How to win a negotiation? Decode the subtext of people’s demands

Haggling over a number? That's a terrible way for people to negotiate, says Harvard International Negotiation Project head honcho Dan Shapiro.

Dan Shapiro: So the classic approach to negotiation is positional bargaining. In positional bargaining I have a position, you have a position, and we each haggle over those positions. 

Now the rules to positional bargaining are very clear: You start with an extreme demand but not so extreme that the other side thinks that you’re crazy or bluffing. You can concede stubbornly, and you demonstrate a greater willingness in the other side to walk away from the negotiation table. 

So you go to the car dealer. You want to buy a Corvette. The car salesperson says, “$80,000 take it or leave it.” 

You say “80? I’ll tell you what: 40, take it or leave it.” 

And you start arguing and haggling, crossing your arms. Threatening to leave. An hour later the car salesperson brings that number down to 70. You’ve gone up to 50. You each then demonstrate a greater willingness to walk away from the negotiation table. You say, “You know what? There’s actually another Corvette dealer down the street. Maybe I’ll just go there.”

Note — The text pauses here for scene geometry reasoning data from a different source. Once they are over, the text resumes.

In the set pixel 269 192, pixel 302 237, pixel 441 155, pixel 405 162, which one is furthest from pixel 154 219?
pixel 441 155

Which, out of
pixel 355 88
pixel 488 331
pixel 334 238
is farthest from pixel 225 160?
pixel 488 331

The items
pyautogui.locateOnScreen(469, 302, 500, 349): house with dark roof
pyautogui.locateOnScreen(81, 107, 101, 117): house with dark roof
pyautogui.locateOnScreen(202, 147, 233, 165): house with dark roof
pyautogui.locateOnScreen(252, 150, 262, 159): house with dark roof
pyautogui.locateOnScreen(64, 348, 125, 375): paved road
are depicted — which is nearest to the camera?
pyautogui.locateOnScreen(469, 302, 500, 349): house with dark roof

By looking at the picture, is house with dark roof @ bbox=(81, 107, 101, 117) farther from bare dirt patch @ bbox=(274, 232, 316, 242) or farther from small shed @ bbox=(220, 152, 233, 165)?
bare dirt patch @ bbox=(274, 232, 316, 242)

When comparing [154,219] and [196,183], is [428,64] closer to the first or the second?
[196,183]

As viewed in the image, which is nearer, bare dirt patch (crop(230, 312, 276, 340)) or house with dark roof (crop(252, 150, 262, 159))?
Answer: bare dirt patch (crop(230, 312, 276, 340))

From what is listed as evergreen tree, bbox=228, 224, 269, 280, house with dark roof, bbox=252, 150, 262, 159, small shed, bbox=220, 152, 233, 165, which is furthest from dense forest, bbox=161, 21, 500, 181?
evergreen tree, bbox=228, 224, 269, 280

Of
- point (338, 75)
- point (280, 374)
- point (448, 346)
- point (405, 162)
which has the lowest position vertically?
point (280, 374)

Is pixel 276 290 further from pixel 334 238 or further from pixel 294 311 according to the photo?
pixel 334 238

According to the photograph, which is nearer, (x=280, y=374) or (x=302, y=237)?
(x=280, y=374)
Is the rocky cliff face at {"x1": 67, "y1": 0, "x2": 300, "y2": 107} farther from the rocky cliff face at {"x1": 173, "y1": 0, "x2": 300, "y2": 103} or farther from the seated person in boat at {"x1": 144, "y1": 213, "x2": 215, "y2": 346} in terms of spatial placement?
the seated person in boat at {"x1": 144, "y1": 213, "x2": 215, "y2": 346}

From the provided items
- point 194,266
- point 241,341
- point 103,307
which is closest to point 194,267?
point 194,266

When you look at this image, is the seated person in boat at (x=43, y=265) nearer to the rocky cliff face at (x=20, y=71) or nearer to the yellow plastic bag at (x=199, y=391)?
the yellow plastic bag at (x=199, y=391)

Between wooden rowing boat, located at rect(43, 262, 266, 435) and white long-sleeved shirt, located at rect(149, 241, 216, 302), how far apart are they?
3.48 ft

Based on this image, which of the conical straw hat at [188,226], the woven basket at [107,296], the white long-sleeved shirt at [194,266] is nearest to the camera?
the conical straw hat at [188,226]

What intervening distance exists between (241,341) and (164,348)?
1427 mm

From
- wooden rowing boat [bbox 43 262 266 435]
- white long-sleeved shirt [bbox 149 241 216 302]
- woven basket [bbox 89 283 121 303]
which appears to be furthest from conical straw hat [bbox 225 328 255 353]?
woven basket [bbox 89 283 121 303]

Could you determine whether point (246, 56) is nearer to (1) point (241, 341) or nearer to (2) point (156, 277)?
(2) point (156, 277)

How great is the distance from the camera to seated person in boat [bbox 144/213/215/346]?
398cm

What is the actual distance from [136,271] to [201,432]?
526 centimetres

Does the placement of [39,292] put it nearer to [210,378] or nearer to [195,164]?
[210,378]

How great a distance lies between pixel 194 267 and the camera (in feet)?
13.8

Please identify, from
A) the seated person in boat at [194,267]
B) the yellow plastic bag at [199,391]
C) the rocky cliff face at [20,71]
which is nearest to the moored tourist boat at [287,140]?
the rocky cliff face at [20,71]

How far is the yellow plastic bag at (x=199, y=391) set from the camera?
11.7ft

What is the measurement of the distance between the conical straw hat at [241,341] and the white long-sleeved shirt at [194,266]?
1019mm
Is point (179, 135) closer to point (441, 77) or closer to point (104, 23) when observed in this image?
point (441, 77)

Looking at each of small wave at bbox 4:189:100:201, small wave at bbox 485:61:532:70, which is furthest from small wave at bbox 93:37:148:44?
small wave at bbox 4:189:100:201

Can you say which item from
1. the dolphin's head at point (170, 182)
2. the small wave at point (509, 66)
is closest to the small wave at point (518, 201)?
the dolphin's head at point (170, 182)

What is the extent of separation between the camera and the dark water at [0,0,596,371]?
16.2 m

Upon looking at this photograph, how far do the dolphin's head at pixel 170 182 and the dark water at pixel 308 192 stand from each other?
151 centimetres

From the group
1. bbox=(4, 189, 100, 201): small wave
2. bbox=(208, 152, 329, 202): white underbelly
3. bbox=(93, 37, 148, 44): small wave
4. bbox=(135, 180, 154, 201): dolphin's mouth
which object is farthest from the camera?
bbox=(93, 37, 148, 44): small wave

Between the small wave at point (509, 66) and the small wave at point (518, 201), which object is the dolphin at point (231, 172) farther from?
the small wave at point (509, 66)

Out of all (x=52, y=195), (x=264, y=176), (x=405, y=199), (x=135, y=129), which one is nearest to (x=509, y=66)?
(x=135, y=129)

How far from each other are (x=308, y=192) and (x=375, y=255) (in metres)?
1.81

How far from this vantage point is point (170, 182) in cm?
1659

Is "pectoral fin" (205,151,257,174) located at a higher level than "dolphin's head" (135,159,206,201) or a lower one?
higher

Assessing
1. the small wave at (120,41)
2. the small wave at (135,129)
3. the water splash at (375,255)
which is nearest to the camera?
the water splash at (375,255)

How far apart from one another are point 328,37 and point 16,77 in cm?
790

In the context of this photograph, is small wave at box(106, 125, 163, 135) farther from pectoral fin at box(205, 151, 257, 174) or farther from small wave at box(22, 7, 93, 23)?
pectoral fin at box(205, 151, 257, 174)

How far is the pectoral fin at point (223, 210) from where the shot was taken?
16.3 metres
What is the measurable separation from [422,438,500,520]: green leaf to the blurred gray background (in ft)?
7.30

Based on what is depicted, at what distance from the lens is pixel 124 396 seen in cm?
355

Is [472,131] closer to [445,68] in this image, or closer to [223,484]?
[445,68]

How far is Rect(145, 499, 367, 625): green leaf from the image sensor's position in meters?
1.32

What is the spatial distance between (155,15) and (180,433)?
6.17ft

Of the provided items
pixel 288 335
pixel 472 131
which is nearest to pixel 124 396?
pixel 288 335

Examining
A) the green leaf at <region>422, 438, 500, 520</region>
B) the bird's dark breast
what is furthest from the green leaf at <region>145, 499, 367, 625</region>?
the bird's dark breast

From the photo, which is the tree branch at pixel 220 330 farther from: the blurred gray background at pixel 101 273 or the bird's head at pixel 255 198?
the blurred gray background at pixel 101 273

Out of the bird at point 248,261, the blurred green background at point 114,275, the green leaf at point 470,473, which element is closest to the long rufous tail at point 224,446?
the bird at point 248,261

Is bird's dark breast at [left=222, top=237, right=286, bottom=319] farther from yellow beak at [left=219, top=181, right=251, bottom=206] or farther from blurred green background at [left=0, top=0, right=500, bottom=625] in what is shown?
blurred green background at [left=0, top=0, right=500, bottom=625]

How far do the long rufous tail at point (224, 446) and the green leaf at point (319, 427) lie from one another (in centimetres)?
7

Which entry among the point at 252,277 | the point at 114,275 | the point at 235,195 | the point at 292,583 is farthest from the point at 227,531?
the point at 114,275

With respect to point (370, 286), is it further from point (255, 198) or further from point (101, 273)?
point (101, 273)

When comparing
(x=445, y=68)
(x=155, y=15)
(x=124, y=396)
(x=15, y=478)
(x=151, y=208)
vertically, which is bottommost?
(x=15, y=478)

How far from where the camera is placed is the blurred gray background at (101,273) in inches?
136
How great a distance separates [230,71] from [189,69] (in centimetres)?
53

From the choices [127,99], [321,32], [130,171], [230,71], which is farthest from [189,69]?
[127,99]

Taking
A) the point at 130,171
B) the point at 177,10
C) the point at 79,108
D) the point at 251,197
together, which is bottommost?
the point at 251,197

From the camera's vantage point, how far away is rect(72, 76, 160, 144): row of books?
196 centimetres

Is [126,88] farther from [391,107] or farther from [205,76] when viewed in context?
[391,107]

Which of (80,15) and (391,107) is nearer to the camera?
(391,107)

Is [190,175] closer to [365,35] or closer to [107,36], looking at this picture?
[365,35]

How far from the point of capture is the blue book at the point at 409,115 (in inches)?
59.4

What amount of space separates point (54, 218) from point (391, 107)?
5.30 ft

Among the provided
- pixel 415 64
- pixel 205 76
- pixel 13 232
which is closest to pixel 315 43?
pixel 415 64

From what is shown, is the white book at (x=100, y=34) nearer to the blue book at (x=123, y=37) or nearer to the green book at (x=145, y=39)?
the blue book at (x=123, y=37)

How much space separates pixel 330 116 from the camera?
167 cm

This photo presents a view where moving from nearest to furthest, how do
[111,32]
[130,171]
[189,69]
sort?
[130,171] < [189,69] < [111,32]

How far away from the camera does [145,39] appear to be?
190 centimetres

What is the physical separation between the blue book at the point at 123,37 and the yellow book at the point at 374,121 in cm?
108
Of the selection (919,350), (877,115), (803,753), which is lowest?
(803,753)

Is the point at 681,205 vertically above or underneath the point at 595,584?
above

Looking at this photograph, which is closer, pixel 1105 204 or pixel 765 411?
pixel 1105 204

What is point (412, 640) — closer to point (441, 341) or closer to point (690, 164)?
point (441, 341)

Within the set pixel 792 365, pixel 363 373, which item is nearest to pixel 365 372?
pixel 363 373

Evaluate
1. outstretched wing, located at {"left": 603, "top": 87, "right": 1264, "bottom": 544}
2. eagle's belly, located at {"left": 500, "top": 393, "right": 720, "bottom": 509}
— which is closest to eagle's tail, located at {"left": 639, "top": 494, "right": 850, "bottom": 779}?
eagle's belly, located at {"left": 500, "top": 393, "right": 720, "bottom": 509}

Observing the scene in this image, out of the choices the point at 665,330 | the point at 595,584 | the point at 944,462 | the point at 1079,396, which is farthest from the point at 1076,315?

And the car dealer says, “Well, you know what. You see all these people standing in line here. They all want to buy this Corvette.” You each threaten to walk. But if you don’t walk you might end up typically somewhere in the middle of those two other numbers: 40, 80, you might end up around 60. 

However, this probably isn’t the best agreement that you could have come to. All this is doing is arguing over one single factor: a number. And that’s the problem of positional bargaining, is that I might have a lot of other interests at stake but none of them are getting shared within this very strict form of positional bargaining. 

There’s another form of negotiation that at the Harvard Negotiation Project some of my colleagues have developed, we call it “Interest Based” negotiation. The idea here is let’s not argue over positions, let’s argue over underlying interests. 

“Why do you want the car?” 

“Well I want the car because I have three kids, three boys. I want a safe car. I don’t really care about the sunroof. I don’t need to look that cool, you know. But I want a car that’s not that expensive. I want one that’s energy efficient. And these are all of my interests.”

Now the car dealer has his or her own interests. If I ask you right now on camera what day do you think I bought my most recent car— Literally what day—you should know. It was December 31 right at the end of the year, because I knew one of the interests of the car dealer in my area was they needed to get these cars off the lot for the next year’s cars. They were more likely to go lower because they had other interests at stake. So interest based negotiation says don’t just focus on the positions, what you say you want; focus on the underlying interests. And this is just as true in contemporary society. Whether it’s a business example – two people arguing over a contract. Don’t just focus on the positions, focus on the underlying interests. When it comes to policy in the United States or elsewhere you say “This is your position on healthcare. I say this is mine.” Let’s not argue over the positions. What are the underlying interests? Why is that policy the one you want. Then you can extract so much more value when you focus on the level of underlying interests.

Negotiation is part of life. Whether we're talking about something as grandiose as healthcare or as personal as buying a car, we often spend the vast majority of the negotiation process haggling over the numbers. This is often a bad way to look at it, says Dan Shapiro. And he should know: he's head of the Harvard International Negotiation Project and knows an awful lot about getting two opposing sides to see eye to eye. So what's the best way to do so? Perhaps talking about why each party wants what they want and negotiating from there. When polarized debates come to a head over "use vs them" mentalities, looking at it from this angle—i.e. the nuts and bolts of a position and less so the end result—can humanize each side to the other. Dan Shapiro's latest book is Negotiating the Nonnegotiable: How to Resolve Your Most Emotionally Charged Conflicts.